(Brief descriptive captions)
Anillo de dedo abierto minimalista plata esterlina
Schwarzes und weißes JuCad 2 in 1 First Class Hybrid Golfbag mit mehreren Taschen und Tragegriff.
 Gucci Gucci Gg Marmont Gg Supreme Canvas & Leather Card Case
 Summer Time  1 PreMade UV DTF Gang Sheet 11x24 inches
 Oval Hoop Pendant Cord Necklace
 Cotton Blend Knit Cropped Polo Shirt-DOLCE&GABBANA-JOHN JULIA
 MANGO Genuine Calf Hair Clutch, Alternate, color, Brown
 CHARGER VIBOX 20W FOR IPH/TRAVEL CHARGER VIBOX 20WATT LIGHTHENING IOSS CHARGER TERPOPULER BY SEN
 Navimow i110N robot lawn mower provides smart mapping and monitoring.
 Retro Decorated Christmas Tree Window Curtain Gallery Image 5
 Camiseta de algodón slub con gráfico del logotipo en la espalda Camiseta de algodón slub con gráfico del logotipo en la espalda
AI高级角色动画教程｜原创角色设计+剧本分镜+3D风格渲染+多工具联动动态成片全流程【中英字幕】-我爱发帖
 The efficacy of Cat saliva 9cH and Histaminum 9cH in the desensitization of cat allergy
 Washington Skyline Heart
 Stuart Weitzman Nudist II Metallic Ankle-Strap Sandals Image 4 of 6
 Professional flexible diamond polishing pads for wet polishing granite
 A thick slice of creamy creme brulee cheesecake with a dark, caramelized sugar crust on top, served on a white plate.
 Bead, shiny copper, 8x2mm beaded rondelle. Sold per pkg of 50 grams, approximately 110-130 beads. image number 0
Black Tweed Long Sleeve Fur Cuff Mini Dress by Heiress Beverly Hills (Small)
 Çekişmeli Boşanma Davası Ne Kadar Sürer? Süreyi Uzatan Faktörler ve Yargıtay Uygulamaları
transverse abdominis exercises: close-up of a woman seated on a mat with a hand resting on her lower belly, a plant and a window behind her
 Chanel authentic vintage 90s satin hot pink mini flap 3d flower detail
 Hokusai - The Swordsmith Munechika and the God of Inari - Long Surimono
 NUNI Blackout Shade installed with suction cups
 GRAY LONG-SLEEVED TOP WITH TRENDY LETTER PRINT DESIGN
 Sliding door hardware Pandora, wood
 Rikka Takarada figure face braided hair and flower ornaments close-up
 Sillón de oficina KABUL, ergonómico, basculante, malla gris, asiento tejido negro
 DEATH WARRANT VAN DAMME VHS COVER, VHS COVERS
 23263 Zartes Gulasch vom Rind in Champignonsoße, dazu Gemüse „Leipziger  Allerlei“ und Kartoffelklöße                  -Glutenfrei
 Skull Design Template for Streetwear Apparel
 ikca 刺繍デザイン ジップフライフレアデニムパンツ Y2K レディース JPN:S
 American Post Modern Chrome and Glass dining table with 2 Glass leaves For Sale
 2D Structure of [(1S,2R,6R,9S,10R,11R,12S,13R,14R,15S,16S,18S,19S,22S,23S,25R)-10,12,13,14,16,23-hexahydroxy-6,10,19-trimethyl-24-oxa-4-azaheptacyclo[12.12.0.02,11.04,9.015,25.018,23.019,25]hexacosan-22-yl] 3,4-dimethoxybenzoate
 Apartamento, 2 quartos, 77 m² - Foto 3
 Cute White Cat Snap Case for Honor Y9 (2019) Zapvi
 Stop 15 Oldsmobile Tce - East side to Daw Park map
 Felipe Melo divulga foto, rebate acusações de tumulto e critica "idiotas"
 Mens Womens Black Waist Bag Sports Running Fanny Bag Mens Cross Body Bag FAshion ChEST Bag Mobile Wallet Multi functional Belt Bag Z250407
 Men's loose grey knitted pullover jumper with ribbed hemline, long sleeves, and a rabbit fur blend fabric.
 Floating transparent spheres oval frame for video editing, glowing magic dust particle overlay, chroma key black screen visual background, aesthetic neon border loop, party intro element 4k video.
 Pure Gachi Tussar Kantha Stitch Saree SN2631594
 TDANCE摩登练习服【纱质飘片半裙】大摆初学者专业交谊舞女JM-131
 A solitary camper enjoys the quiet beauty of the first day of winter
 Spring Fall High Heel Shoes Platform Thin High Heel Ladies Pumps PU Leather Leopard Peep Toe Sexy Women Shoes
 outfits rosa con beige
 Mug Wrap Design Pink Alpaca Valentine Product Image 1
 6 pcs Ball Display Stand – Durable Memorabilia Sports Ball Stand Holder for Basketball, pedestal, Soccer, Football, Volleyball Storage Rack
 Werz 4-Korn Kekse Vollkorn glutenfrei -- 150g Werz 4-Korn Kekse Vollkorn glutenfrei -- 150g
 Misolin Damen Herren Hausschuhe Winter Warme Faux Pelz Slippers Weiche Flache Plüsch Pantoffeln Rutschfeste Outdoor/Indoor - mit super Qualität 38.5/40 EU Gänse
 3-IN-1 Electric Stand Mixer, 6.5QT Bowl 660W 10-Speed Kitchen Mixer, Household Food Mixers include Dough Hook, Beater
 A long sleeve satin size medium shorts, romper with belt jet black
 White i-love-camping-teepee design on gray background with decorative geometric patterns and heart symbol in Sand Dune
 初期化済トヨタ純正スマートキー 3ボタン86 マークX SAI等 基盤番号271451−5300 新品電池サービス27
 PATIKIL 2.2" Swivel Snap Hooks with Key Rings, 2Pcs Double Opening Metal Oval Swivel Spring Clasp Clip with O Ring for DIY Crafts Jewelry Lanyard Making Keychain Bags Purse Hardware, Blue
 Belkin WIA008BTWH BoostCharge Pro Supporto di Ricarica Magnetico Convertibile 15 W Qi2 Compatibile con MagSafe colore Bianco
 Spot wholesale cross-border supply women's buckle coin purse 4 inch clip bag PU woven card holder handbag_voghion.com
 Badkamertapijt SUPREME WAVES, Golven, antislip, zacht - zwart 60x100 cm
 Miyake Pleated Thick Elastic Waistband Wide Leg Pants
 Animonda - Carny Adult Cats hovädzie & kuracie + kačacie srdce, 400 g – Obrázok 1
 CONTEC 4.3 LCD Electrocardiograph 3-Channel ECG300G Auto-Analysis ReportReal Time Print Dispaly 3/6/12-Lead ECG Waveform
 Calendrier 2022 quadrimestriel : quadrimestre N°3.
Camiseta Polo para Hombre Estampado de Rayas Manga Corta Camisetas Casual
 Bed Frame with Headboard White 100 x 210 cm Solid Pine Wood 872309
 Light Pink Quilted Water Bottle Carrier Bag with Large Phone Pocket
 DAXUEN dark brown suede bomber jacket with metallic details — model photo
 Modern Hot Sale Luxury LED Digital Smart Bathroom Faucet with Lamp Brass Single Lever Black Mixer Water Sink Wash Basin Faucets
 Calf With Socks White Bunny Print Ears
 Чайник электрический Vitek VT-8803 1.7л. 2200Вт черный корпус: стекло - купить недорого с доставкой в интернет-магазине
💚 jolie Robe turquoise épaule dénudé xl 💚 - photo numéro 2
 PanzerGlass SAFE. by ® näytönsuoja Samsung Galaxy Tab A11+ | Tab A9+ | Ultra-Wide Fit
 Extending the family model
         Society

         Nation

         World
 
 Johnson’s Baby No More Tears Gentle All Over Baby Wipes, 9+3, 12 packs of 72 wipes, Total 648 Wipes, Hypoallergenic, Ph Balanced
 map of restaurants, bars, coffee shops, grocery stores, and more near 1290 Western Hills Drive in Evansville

## What is needed
Taking the entries above, print exactly the lines starting at the line with "A long sleeve" and ending at the line with "初期化済トヨタ純正スマートキー 3ボタン86 マークX", both included.

## Solution to this task
 A long sleeve satin size medium shorts, romper with belt jet black
 White i-love-camping-teepee design on gray background with decorative geometric patterns and heart symbol in Sand Dune
 初期化済トヨタ純正スマートキー 3ボタン86 マークX SAI等 基盤番号271451−5300 新品電池サービス27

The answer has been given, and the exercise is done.